La squadra va ricreata senz'appello, lo staff riqualificato ed ampliato, la dirigenza deve ricomporsi e serrare i ranghi senza intromissioni. Per il Napoli entrare in Champions il prossimo anno sarà la vera partita con il futuro, creando un ponte di collegamento avantemporale con il passato recente.

Chiavelli e De Laurentiis che vantano esperienza da vendere, dovranno scegliere gl'uomini del comparto sportivo inappuntabili per competenza ed esecutività, con uno storico calcistico affermato. Migliorare la proposta promozionale e divulgativa della vita del club è altrettanto prioritario, i social networks ne sono volano ma non avamposto principale. Ristrutturare il club significherà assestare anche il settore giovanile per far affiorare talenti spendibili immediatamente per la prima squadra, riqualificare i campi d'allenamento, dotare le strutture private d'un indotto per i tifosi e nutrire i nuovi calciatori ed il giovane pubblico d'uno stuolo di cose ad alto impatto emotivo per recuperare l'entusiasmo al momento eradicato dalle menti.

Il Napoli ha fatto un'impresa sportiva epocale con pochi eguali nel tornare a vincere dalle ceneri del fallimento 20 anni fa. Ora deve bissare quest'impresa. Ma in meno tempo.

9 - LA CONTESTAZIONE E' STATA LA MIGLIOR PRESTAZIONE

Anche nel dopo gara è proseguita la spregiudicata contestazione del tifo organizzato - senza mai sconfinare nell'illogico e nella brutalità - che per una volta non ha sostenuto la squadra dalle tribune per ovvie ragioni. Reagire con fervida alterigia e composto disprezzo nei confronti di un gruppo di calciatori poco onorevoli per il fenomeno meteorico del tifo a Napoli, sempre tracimante amore, è stata la risposta più forte e irreprensibile che negl'ultimi tempi la gente delle curve abbia potuto inscenare, senza pretese né offese.

La testimonianza più attiva che mai che a Napoli il tifo è maturo, consapevole e attento alle dinamiche, senza lasciarsi condizionare o fomentare da agenti esterni, perchè come dice un coro "Napoli è della gente" e l'appartenenza non si giudica, si rivendica.

10 - A DE LAURENTIIS L'ARDUA SENTENZA

Se sarà Antonio Conte il prossimo tecnico del Napoli la certezza sarà solo che la squadra sempre sotto tono in quest'annata funesta non si vedrà più, compatibilmente con il livello tecnico. Ma non può essere il solo allenatore con il suo staff a fare da ristrutturatore dell'opera calcistica a Napoli. Servono idee di futuro scalabili.

Aurelio De Laurentiis dopo essere passato da presidente, a padre, a consulente tecnico ad alchimista della situazione, ora è tornato suo malgrado a fare solo il presidente ed a ripristinare la mission che l'interruzione di continuità del progetto sportivo di crescita impone di constatare.

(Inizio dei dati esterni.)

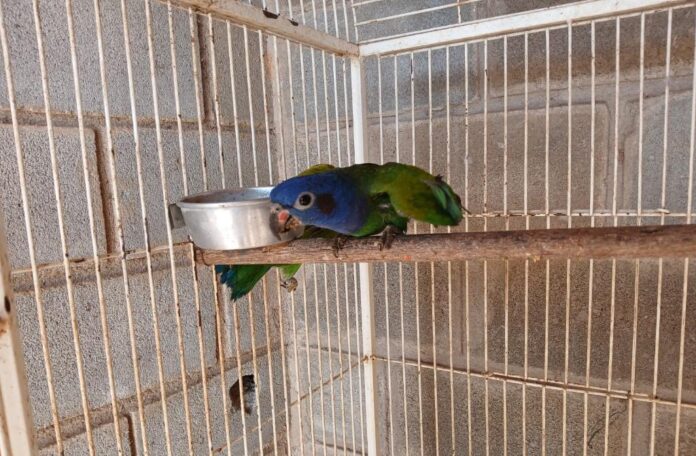 WhatsApp Image 2025-09-05 at 17.10.19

Sa sarà vera rivoluzione con 16 giocatori nuovi o anche di più, lo diranno i prossimi mesi. Intanto più che delegare e defilarsi dalla scena, ad ADL suggeriamo di cambiare comportamento ed essere categorico non solo con se stesso ma anche con i suoi subordinati, nella piena e dogmatica adesione al principio morale che viene prima il Napoli e poi il Napoli, perchè sono le persone capaci con valori umani che fanno grandi le società e non può sempre valere una regola inversa.